“Inelastic Demand Meets Optimal Supply of Risky Sovereign Bonds”, with Matias Moretti, Lorenzo Pandolfi, Sergio Schmukler, and German Villegas-Bauer.
We present evidence of inelastic demand in the market for risky sovereign bonds and examine how it affects government policies. We exploit monthly changes in the composition of a major emerging market bond index to identify flow shocks that shift the available bond supply, which are unrelated to country fundamentals. Our estimates imply an average inverse price demand elasticity of -0.30, higher in magnitude than estimates for advanced economies. This elasticity increases with default risk, suggesting that investors demand a premium as compensation for risk. We develop a sovereign debt model with endogenous default, and we discipline it based on our empirical estimates. Under inelastic investors, an additional unit of debt lowers bond prices even under constant default risk. Because governments internalize this effect, the inelastic demand becomes a commitment device that limits debt issuances. Our quantitative model shows that this mechanism significantly reduces default risk and bond spreads.
“The Anatomy of Index Rebalancings: Evidence from Transaction Data”, with Mariana Escobar, Lorenzo Pandolfi, and Alvaro Pedraza.

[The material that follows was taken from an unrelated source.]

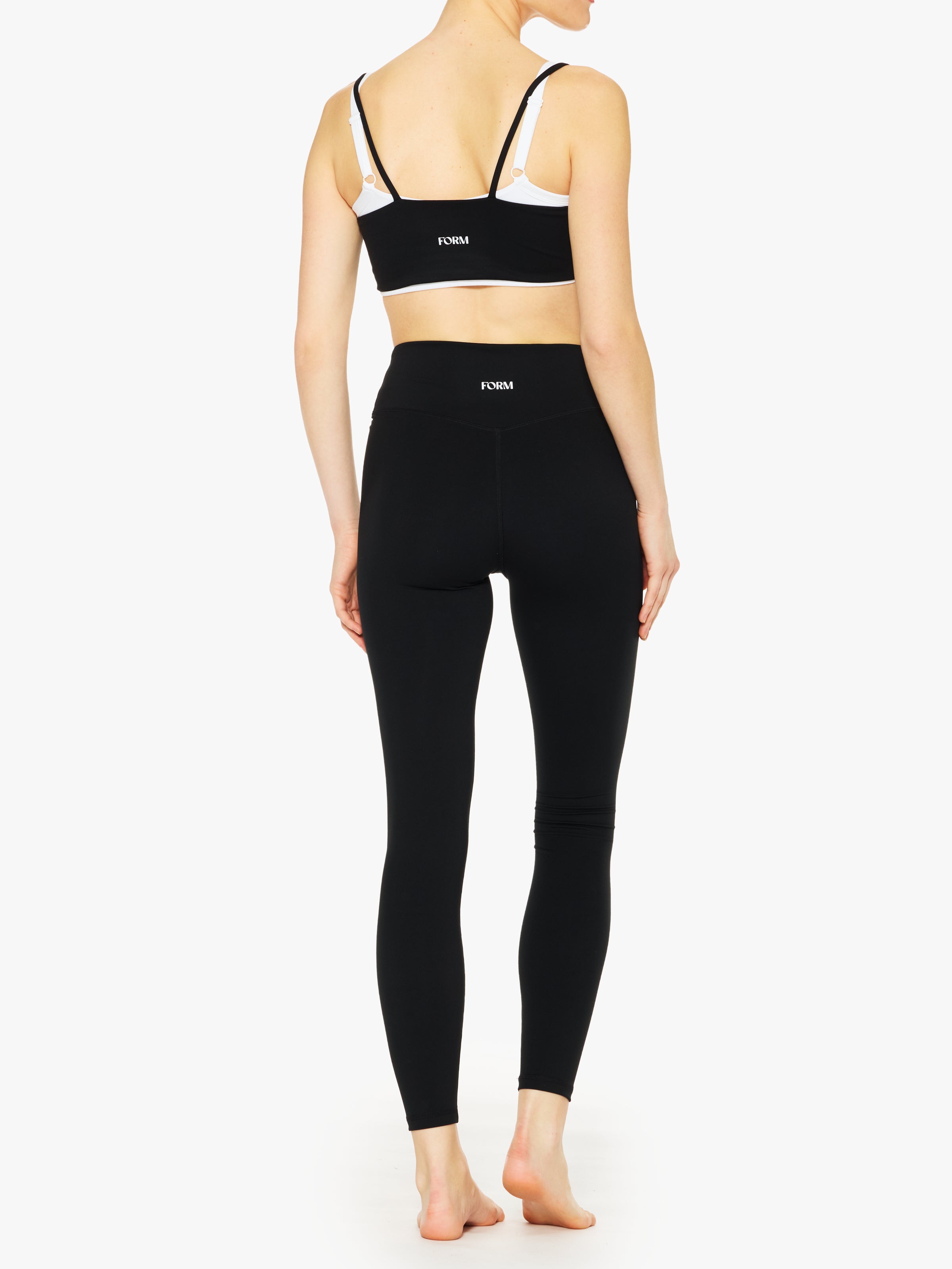 Form Active Core Legging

We exploit a novel dataset covering the universe of transactions in the Colombian Stock Exchange to analyze episodes of additions to and deletions from MSCI equity indexes. We find additions and deletions to have large price effects: the median cumulative abnormal return in absolute value is 5.5%. We show that these price effects are due to large demand shocks by different classes of international investors – not only passive funds and ETFs, but also active mutual funds, pension funds and government funds – which are not absorbed by arbitrageurs. Consistent with recent asset pricing models with limits to arbitrage, we estimate stock demand curves to be very inelastic: the demand elasticity for the median stock in our sample is -0.34, implying that a 1% increase in the demand for the stock increases its price by 2.9%.
“Drug Money and Bank Lending: The Unintended Consequences of Anti-Money Laundering Policies”, with Pablo Slutzky and Mauricio Villamizar-Villegas.
We explore the unintended consequences of anti-money laundering (AML) policies. For identification, we exploit the implementation of the SARLAFT system in Colombia in 2008, aimed at controlling the flow of money from drug trafficking into the financial system. We find that bank deposits in municipalities with high drug trafficking activity decline after the implementation of the new AML policy. More importantly, this negative liquidity shock has consequences for credit in municipalities with little or nil drug trafficking. Banks that source their deposits from areas with high drug trafficking activity cut lending relative to banks that source their deposits from other areas. We show that this credit shortfall negatively impacted the real economy. Using a proprietary database containing data on bank-firm credit relationships, we show that small firms that rely on credit from affected banks experience a negative shock to investment, sales, size, and profitability. Additionally, we observe a reduction in employment in small firms. Our results suggest that the implementation of the AML policy had a negative effect on the real economy.